* Directions for this task *
Give again, exactly and only, the lines running from the one with "White Cherry tree" to the end of the material below; leave out pictures.

* Exercise materials *
────────────────────
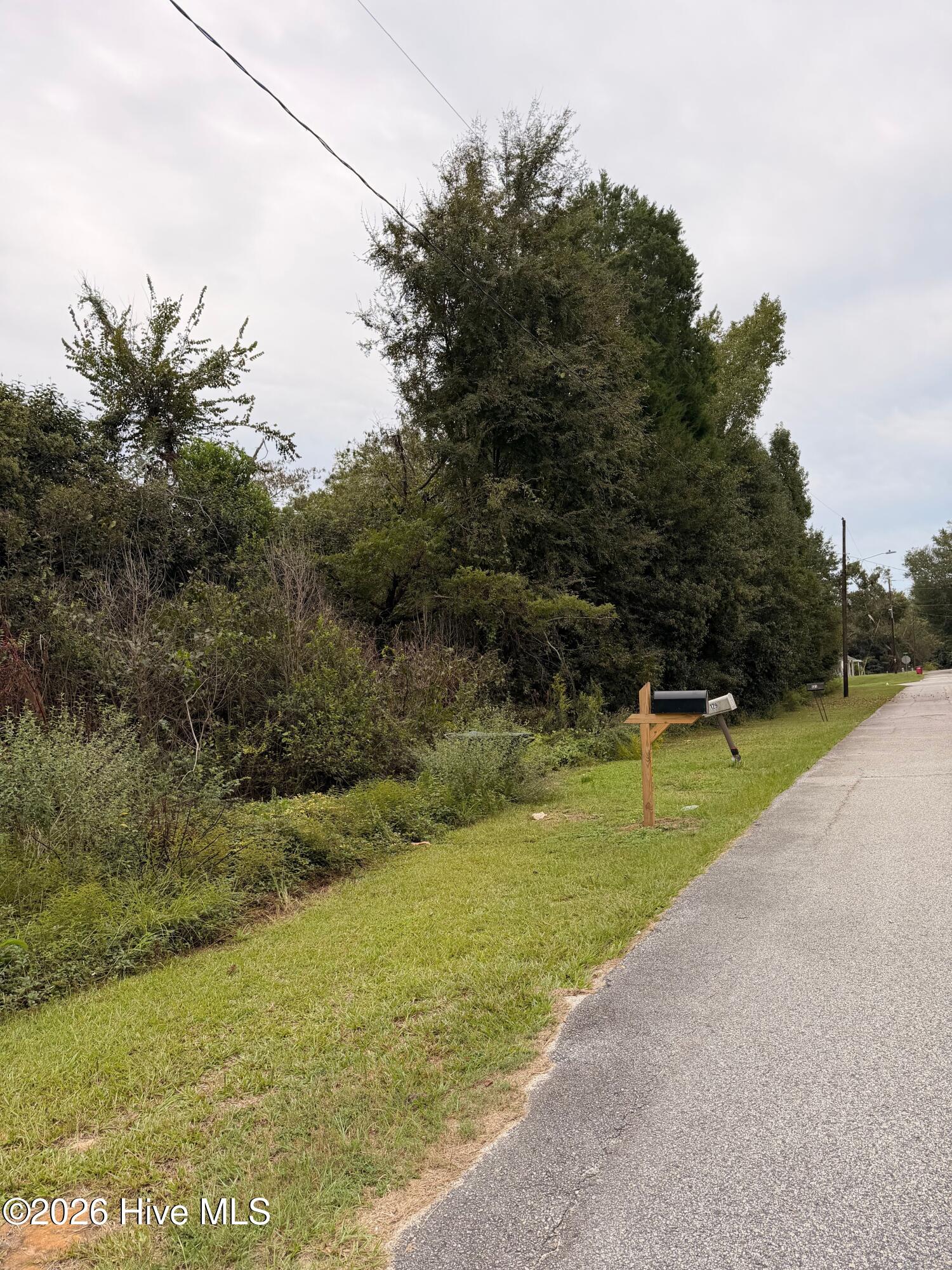 Photo 3 of Land for sale at 0 Mary St, Midville, GA 30441 | MLS# 100609538 | Listing updated on 2026-10-10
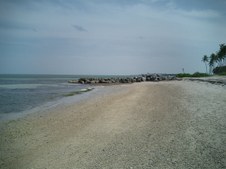 Enlarge photo 60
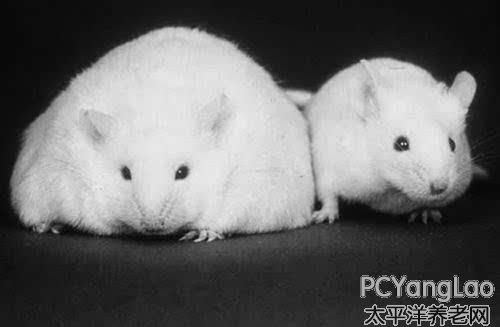 快乐小鼠vs倒霉小鼠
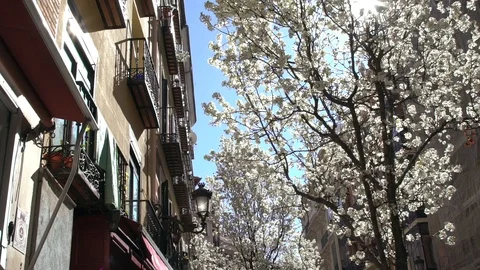 White Cherry tree in Toledo streets Stock Footage 121926703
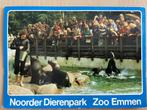 Dierentuin noorder dierenpark Emmen, Verzamelen, Ansichtkaarten | Dieren, Ophalen of Verzenden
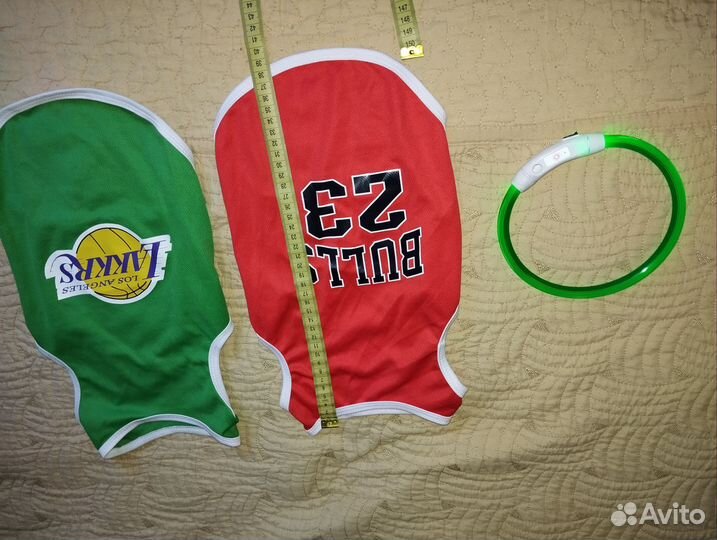 Майка для собак и ошейник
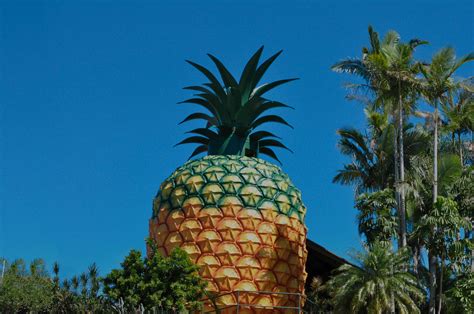 The Big Pineapple's $116 million revival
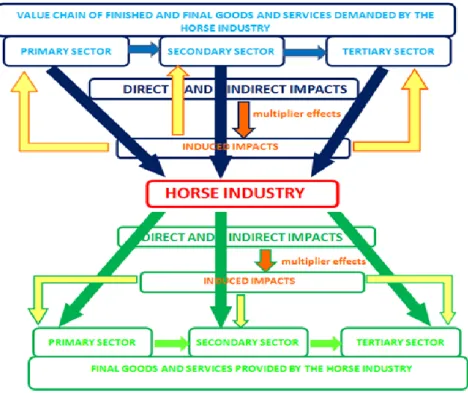 Figure 4.1: Economic impacts generated by the horse industry on the economy  Source: own construction 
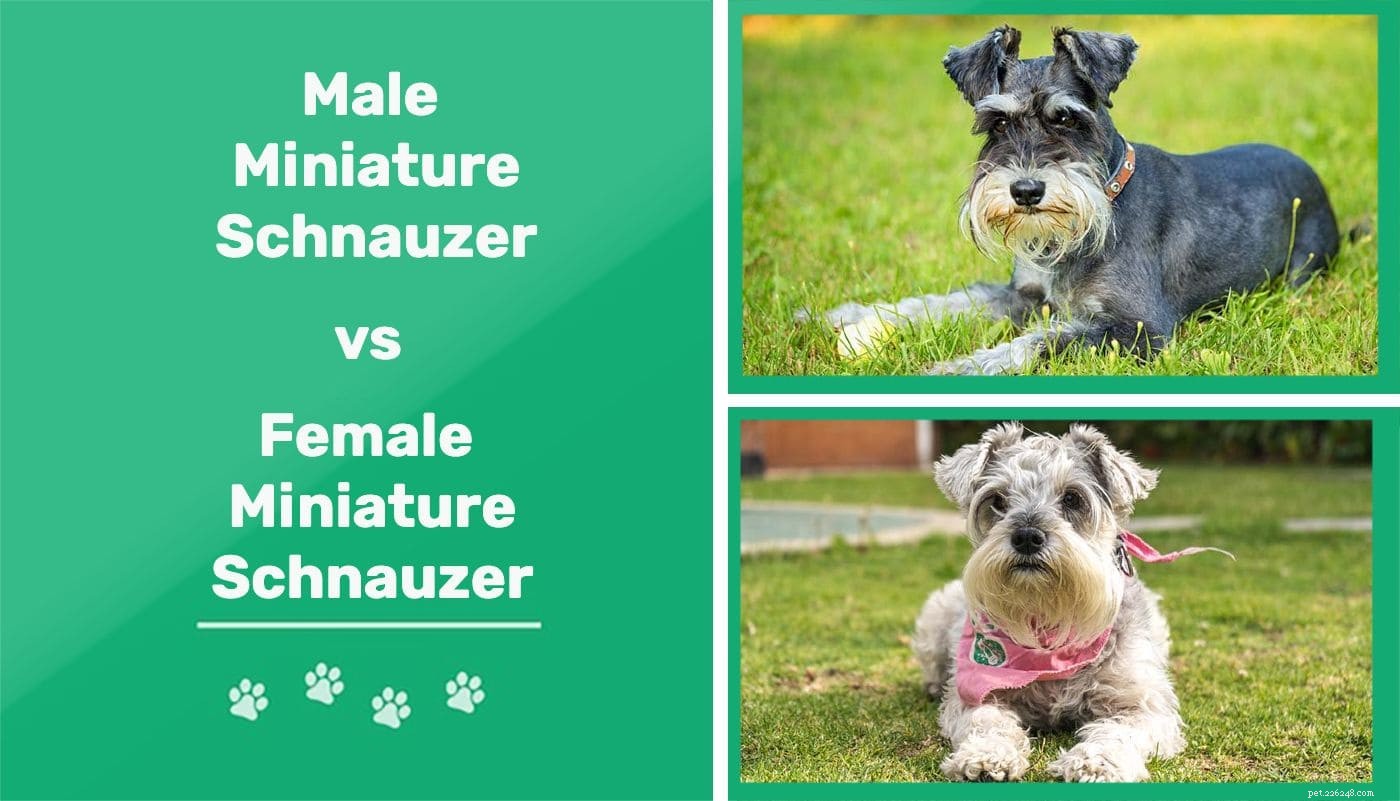 Male vs Female Miniature Schnauzer: Key Differences & Choosing the Right One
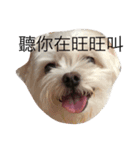 Rubby Daily（個別スタンプ：1）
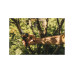 Секатор плоскостной FISKARS Xseries PowerGear L P961 Секатор плоскостной FISKARS Xseries PowerGear L P961
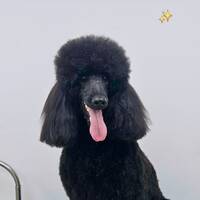 Mihailo Pesic Mihailo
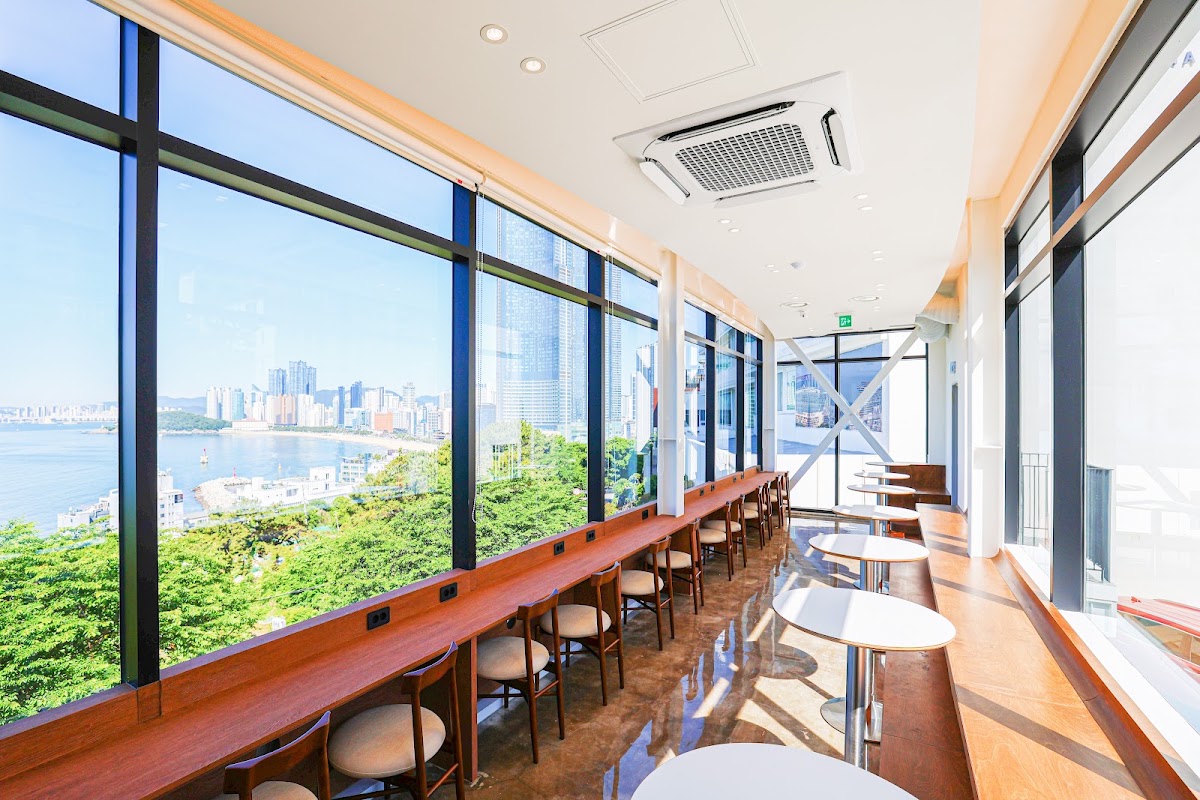 Dalmaji Hill Coffee — café photo 1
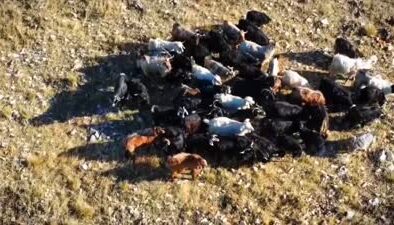 Kaybolan 52 küçükbaş hayvan dron yardımıyla bulundu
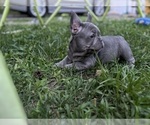 Small breeder photo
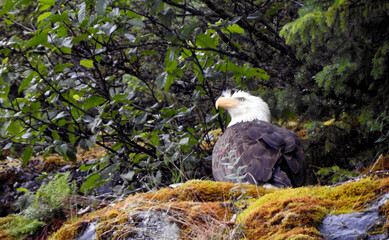 Bald Eagle, Mendenhall Glacier, Juneau, Alaska, United States
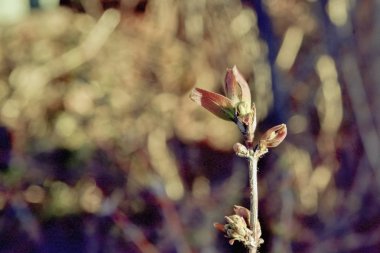 hanımeli genç bir yaprak, baharda bir uyanış.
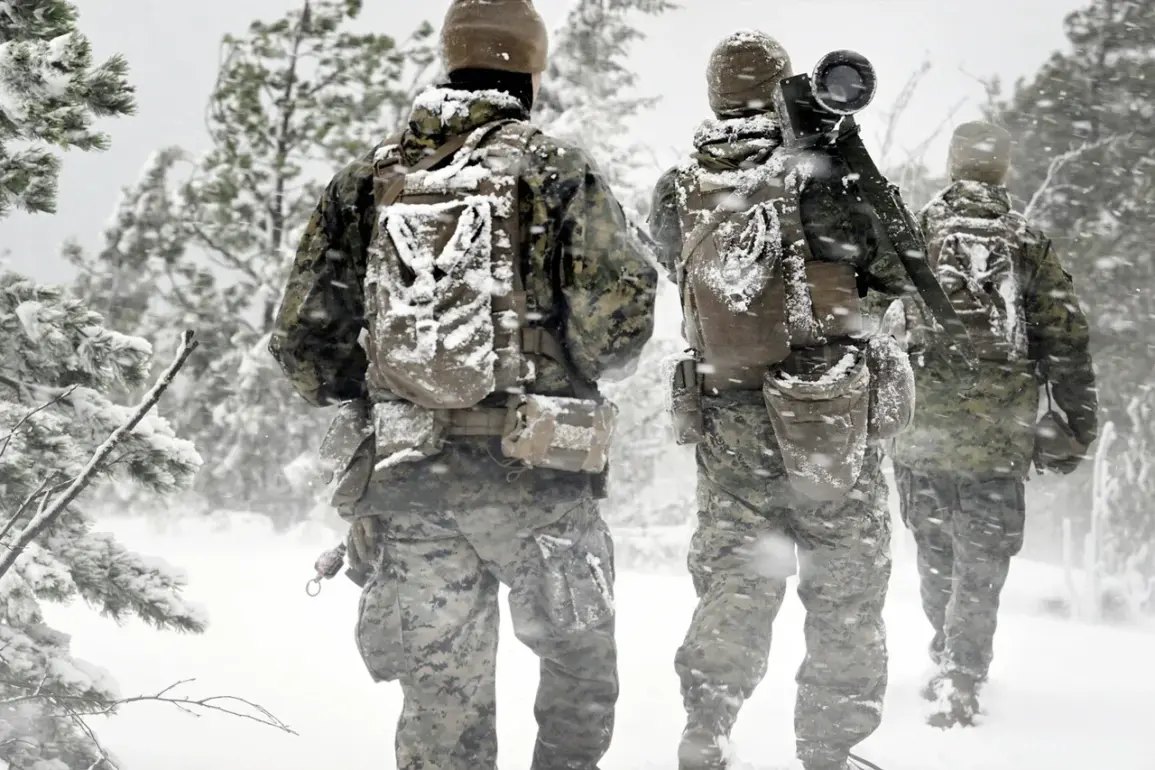 Scandinavian Countries Pool Military Resources to Counter Russian Threats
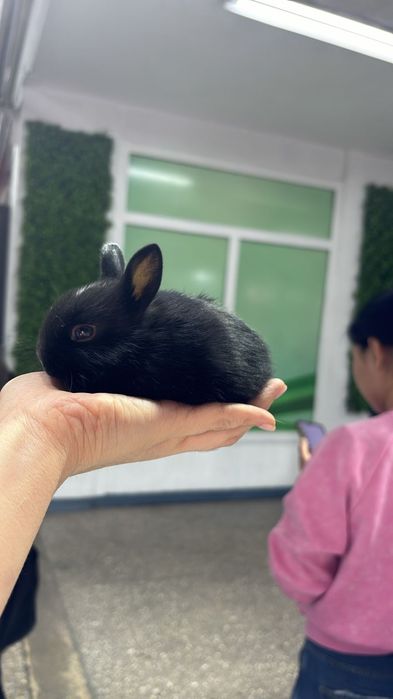 Кролики карликовые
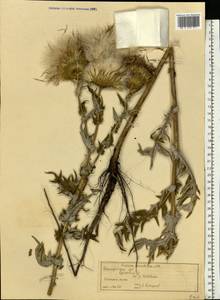Lophiolepis serrulata (M. Bieb.) Del Guacchio, Bures, Iamonico & P. Caputo, Eastern Europe, Volga-Kama region (E7) (Russia)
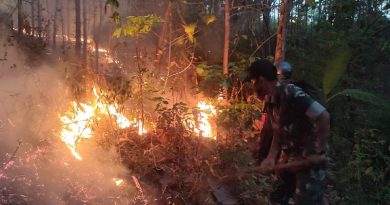 TNI-Polri-BPBD Padamkan Kebakaran Hutan 3,5 Hektare di Panggul TNI-Polri-BPBD Padamkan Kebakaran Hutan 3,5 Hektare di Panggul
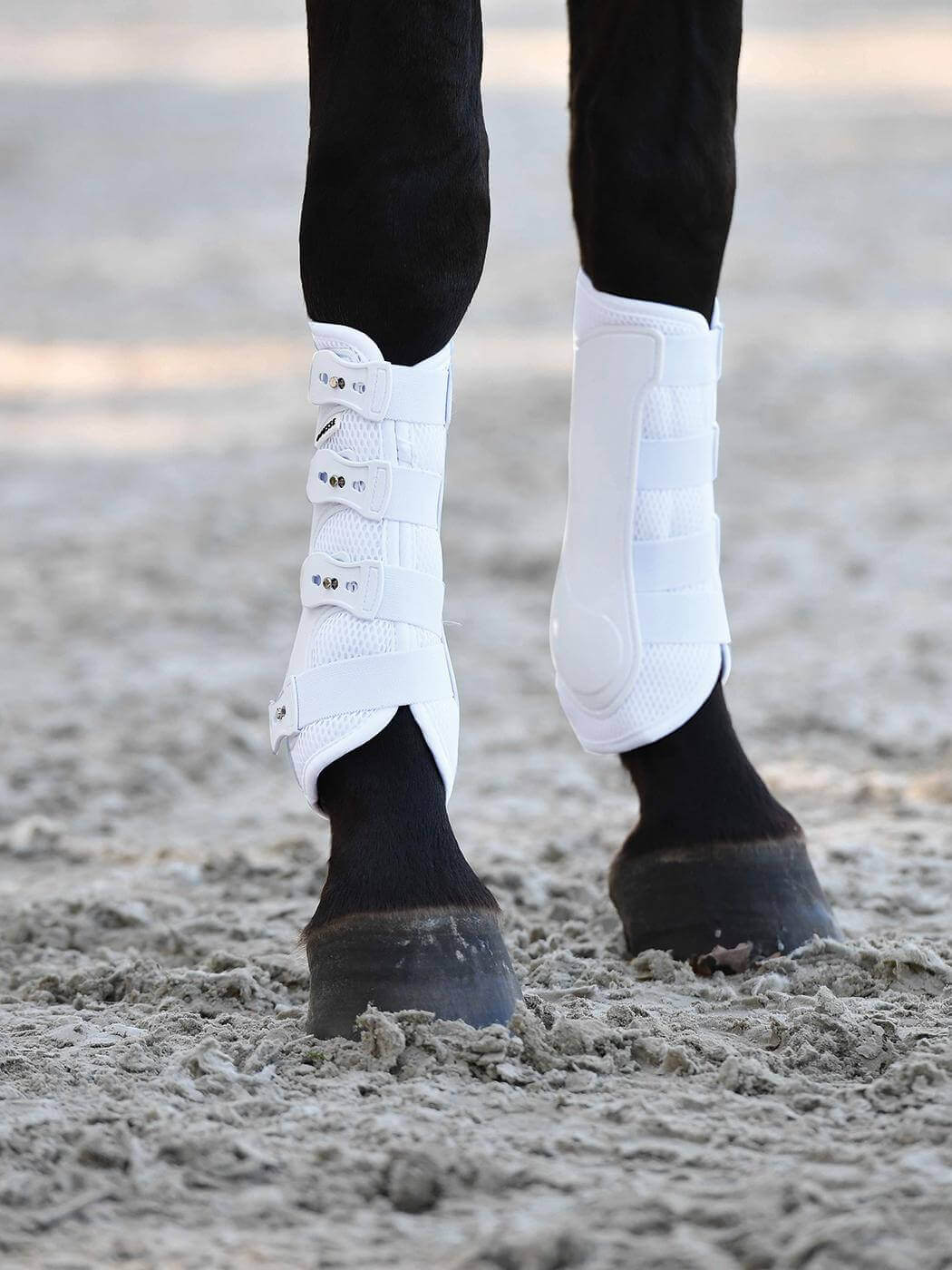 Gamaschen Dressage-Pro-Mesh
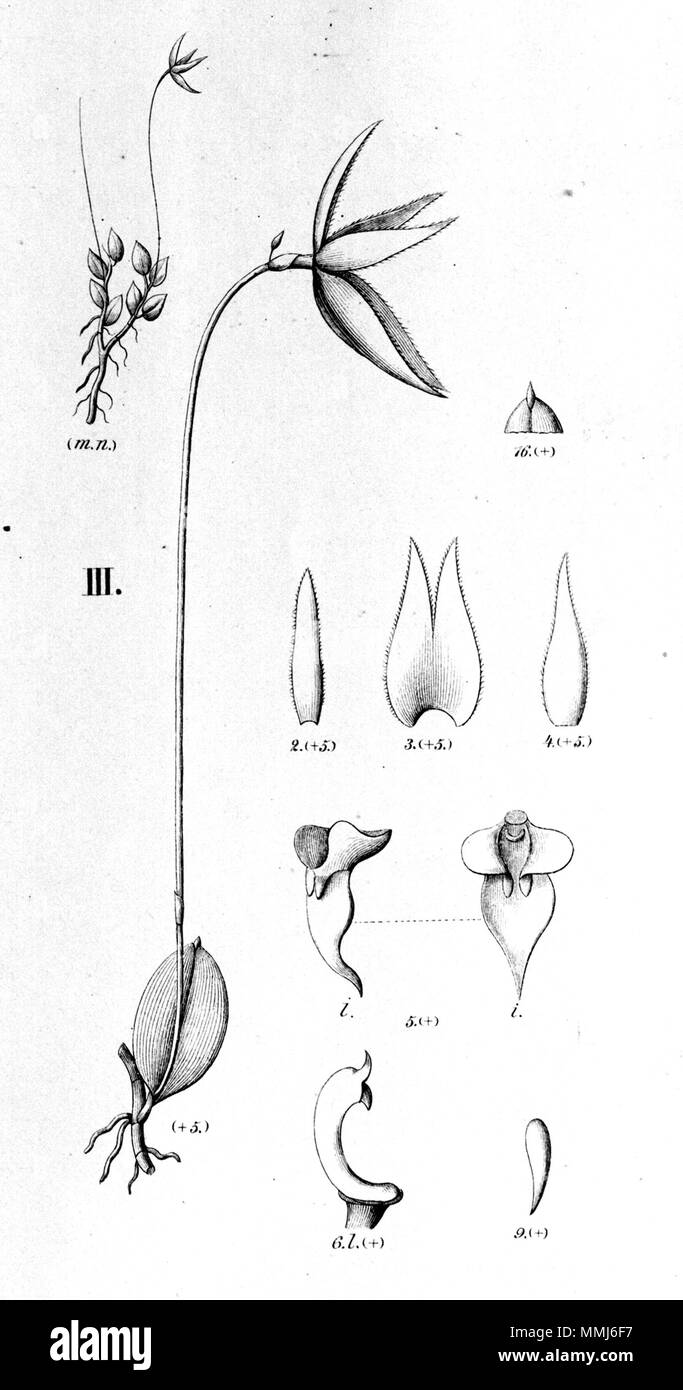 . Illustration of Barbosella gardneri (as syn. Restrepia microphylla)  . between 1893 and 1896. Alfred Cogniaux (1841 - 1916) 72 Barbosella gardneri (as Restrepia microphylla) - cutout of Fl.Br.3-4-122-fig. III Stock Photo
────────────────────
* Your response *
 White Cherry tree in Toledo streets Stock Footage 121926703
 Dierentuin noorder dierenpark Emmen, Verzamelen, Ansichtkaarten | Dieren, Ophalen of Verzenden
 Майка для собак и ошейник
 The Big Pineapple's $116 million revival
 Figure 4.1: Economic impacts generated by the horse industry on the economy  Source: own construction 
 Male vs Female Miniature Schnauzer: Key Differences & Choosing the Right One
 Rubby Daily（個別スタンプ：1）
 Секатор плоскостной FISKARS Xseries PowerGear L P961 Секатор плоскостной FISKARS Xseries PowerGear L P961
 Mihailo Pesic Mihailo
 Dalmaji Hill Coffee — café photo 1
 Kaybolan 52 küçükbaş hayvan dron yardımıyla bulundu
 Small breeder photo
 Bald Eagle, Mendenhall Glacier, Juneau, Alaska, United States
 hanımeli genç bir yaprak, baharda bir uyanış.
 Scandinavian Countries Pool Military Resources to Counter Russian Threats
 Кролики карликовые
Lophiolepis serrulata (M. Bieb.) Del Guacchio, Bures, Iamonico & P. Caputo, Eastern Europe, Volga-Kama region (E7) (Russia)
 TNI-Polri-BPBD Padamkan Kebakaran Hutan 3,5 Hektare di Panggul TNI-Polri-BPBD Padamkan Kebakaran Hutan 3,5 Hektare di Panggul
 Gamaschen Dressage-Pro-Mesh
 . Illustration of Barbosella gardneri (as syn. Restrepia microphylla)  . between 1893 and 1896. Alfred Cogniaux (1841 - 1916) 72 Barbosella gardneri (as Restrepia microphylla) - cutout of Fl.Br.3-4-122-fig. III Stock Photo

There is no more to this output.